▶ [PROBLEM REQUIREMENTS]: Could you transcribe exactly the lines from the one containing "Fishing Reel Oil" through the last line of the records below, leaving out the pictures?

*** RECORDS FOR THE EXERCISE Section Begins ***

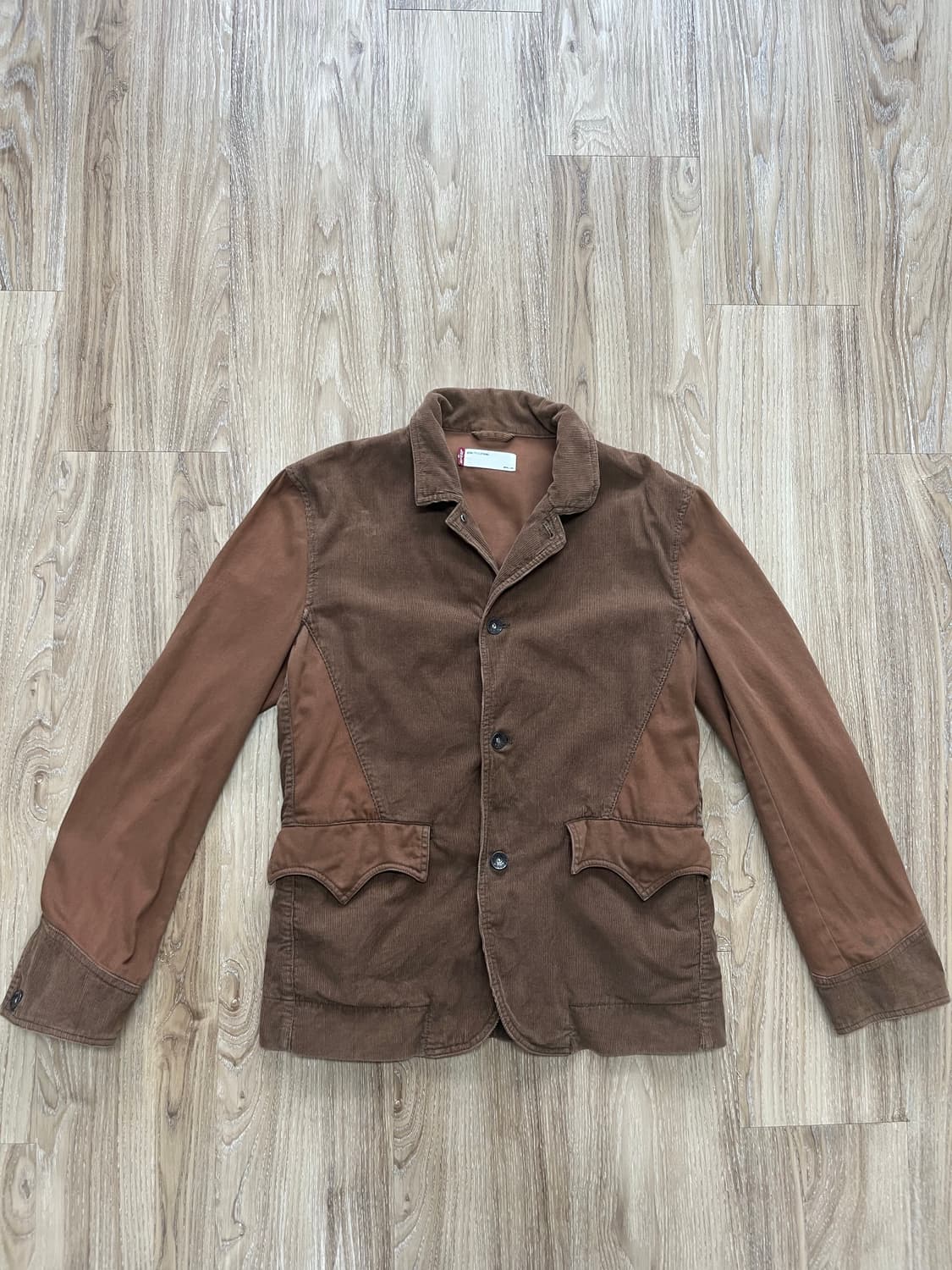 00s 리바이스 웨스턴 코듀로이 자켓 L 상품이미지1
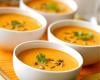 Soupe des 4 C : Carottes Coco Curry Coriandre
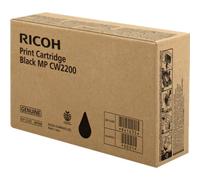 ORIGINALE Ricoh Cartuccia d'inchiostro nero 841635 MP CW2200BK 200ml mod. 84163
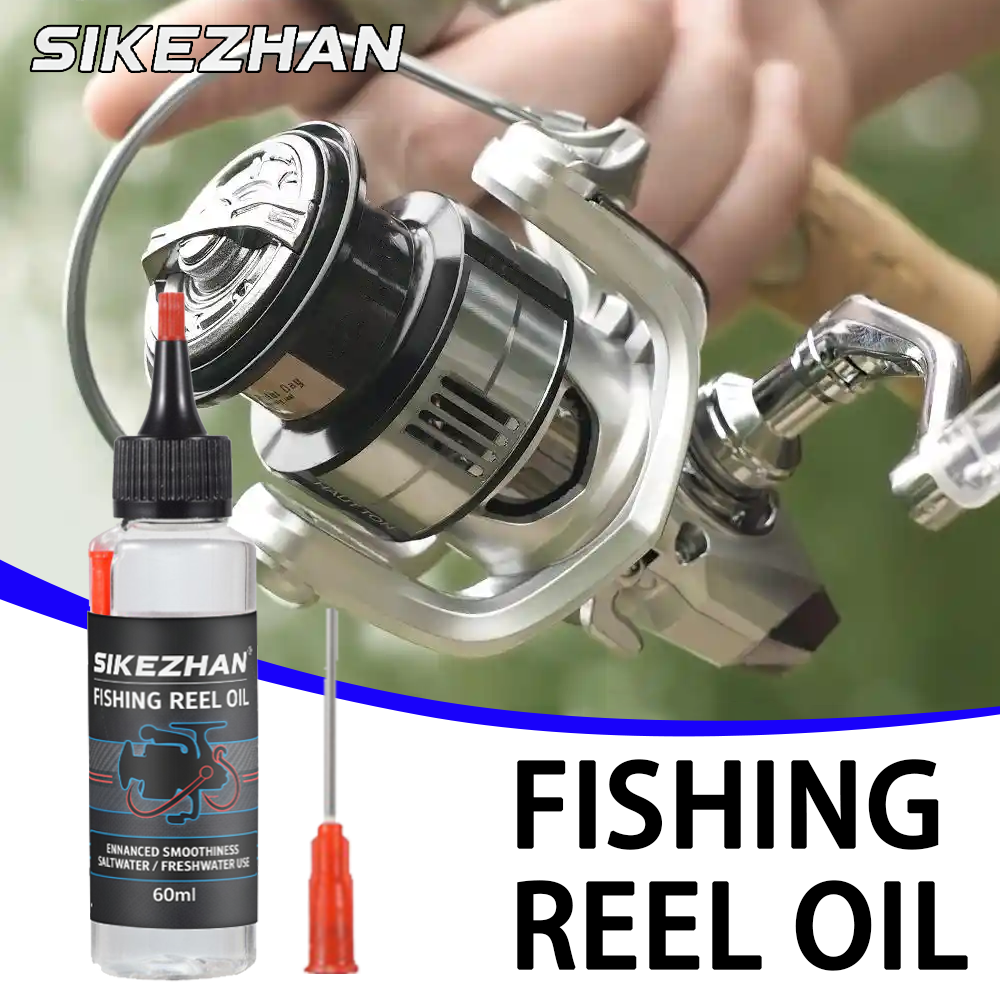 Fishing Reel Oil with Precisio - Reel Lubricant 评论和价格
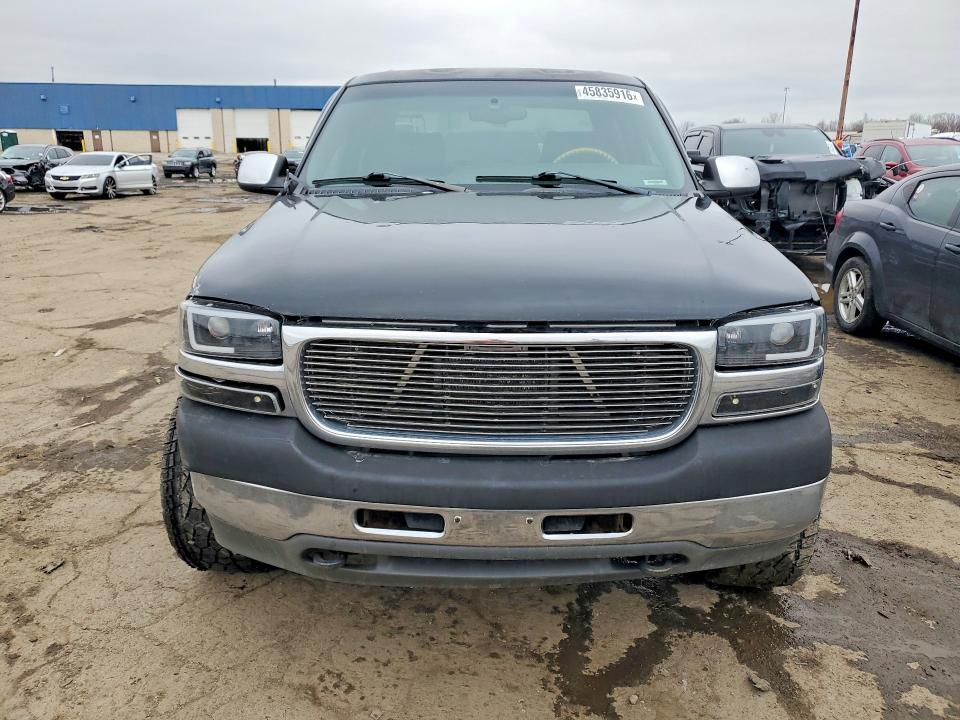 2002 GMC Sierra K2500 Heavy Duty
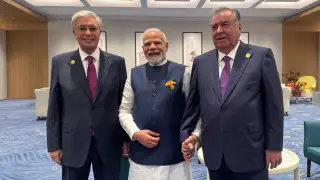 Indian PM shares backstage talk with Tokayev on social media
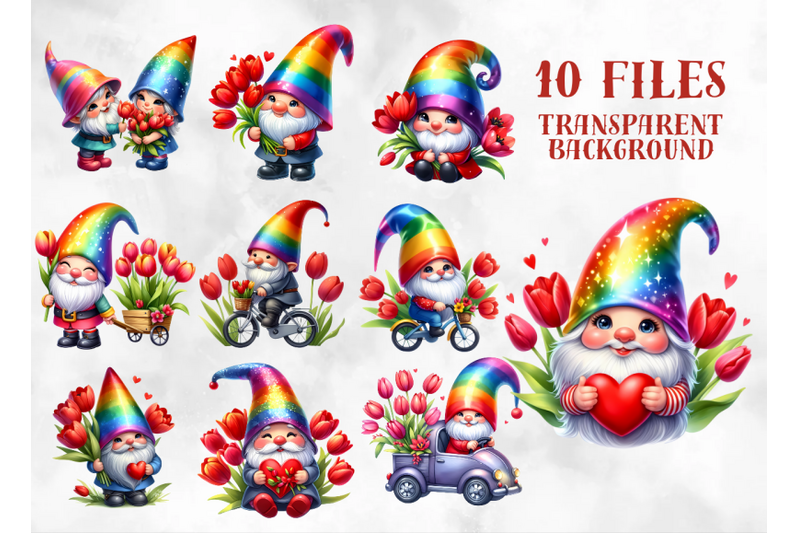 gnomes-clipart-cute-gnomes-illustration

*** RECORDS FOR THE EXERCISE Section Ends ***

▶ [RESULT FOR THIS TASK]:
 Fishing Reel Oil with Precisio - Reel Lubricant 评论和价格
 2002 GMC Sierra K2500 Heavy Duty
 Indian PM shares backstage talk with Tokayev on social media
 gnomes-clipart-cute-gnomes-illustration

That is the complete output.